WMAct adds reward rescaling, where the score is multiplied by the fraction of moves that changed the state, so pointless shuffling loses credit.
It also uses interaction frequency annealing, starting with many turns but slowly tightening this limit so the model must think more.
In maze, Sokoban, and taxi grid worlds, this training lets the agent solve many puzzles in a single shot that earlier needed trial-and-error dialogues.
The same model also gets noticeable gains on separate math, code, and general benchmarks, suggesting that this thinking-by-doing practice sharpens reasoning beyond these games.
🗞️ “Rectifying LLM Thought from Lens of Optimization”
The paper introduces RePro, a way to train reasoning LLMs so their chain of thought behaves like an optimization process instead of messy rambling.
Long chain of thought models often keep generating unnecessary steps, which burns compute and can even turn easy correct answers into wrong ones through overthinking.
RePro imagines each reasoning step as updating a belief about the answer and builds a proxy score that says how confident the model is in the true answer after each step.

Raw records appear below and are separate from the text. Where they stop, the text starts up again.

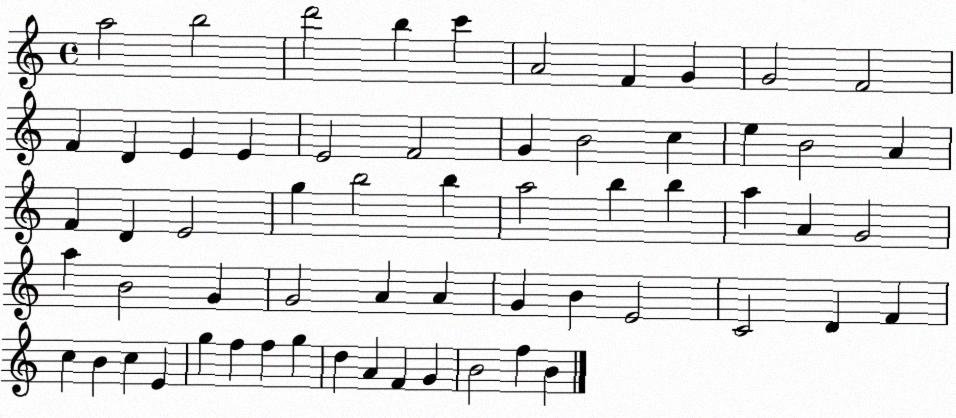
X:1
T:Untitled
M:4/4
L:1/4
K:C
a2 b2 d'2 b c' A2 F G G2 F2 F D E E E2 F2 G B2 c e B2 A F D E2 g b2 b a2 b b a A G2 a B2 G G2 A A G B E2 C2 D F c B c E g f f g d A F G B2 f B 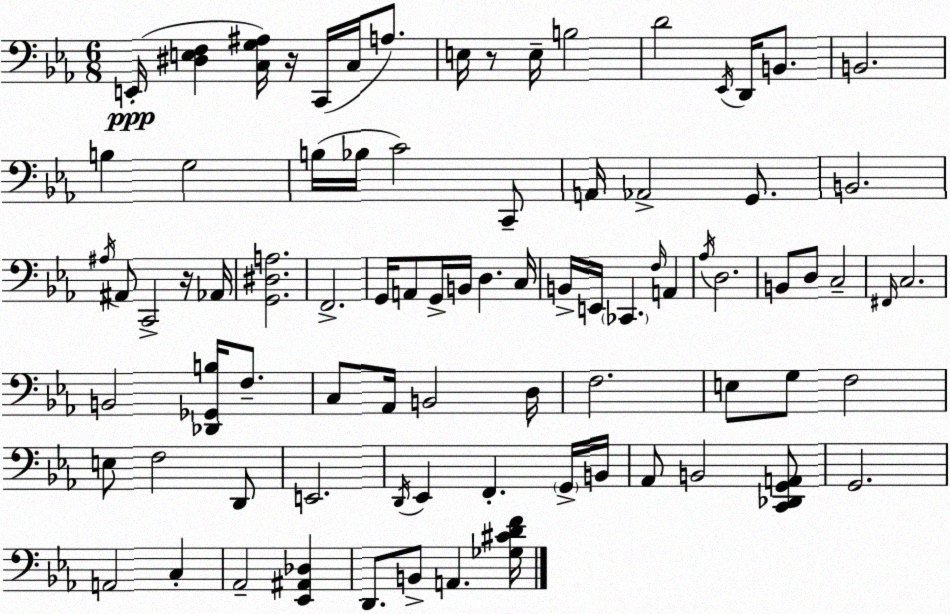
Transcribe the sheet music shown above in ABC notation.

From the curve of this score over the chain, the method extracts how much the score improves overall and how smooth that improvement is, then merges these into a single process level reward that prefers steady useful progress.
During reinforcement learning this process reward is computed only on a few high uncertainty chunks inside the long trace and added to the usual reward that only cares about whether the final answer is correct.
Across math, science, and coding benchmarks, models trained with RePro solve more problems, use fewer reasoning tokens, and show less looping and backtracking in their thoughts.
🗞️ “SEAL: Self-Evolving Agentic Learning for Conversational Question Answering over Knowledge Graphs”
The paper introduces SEAL, a system that helps conversational agents answer knowledge graph questions using cleaner, more reliable logical programs instead of messy model guesses.
A knowledge graph is a structured network of entities and relations, and standard language models often fail when turning complex multi step questions over this graph into executable queries.
SEAL first asks a language model to produce a minimal S expression core that only captures the key entities, relations, and conditions in the question.
An agent then calibrates this core by fixing syntax, linking each phrase to a single best graph entity or relation, then fills a small set of hand designed logical templates to produce a full executable query.
SEAL also keeps short term dialog memory, long term global memory of successful queries, and a reflection step that reuses logical forms that worked, so the system improves over time without retraining.
On the SPICE benchmark, this design answers complex multi hop, comparison, and aggregation questions more accurately and with fewer database calls than earlier unsupervised methods while coming close to strong supervised baselines.
That’s a wrap for today, see you all tomorrow.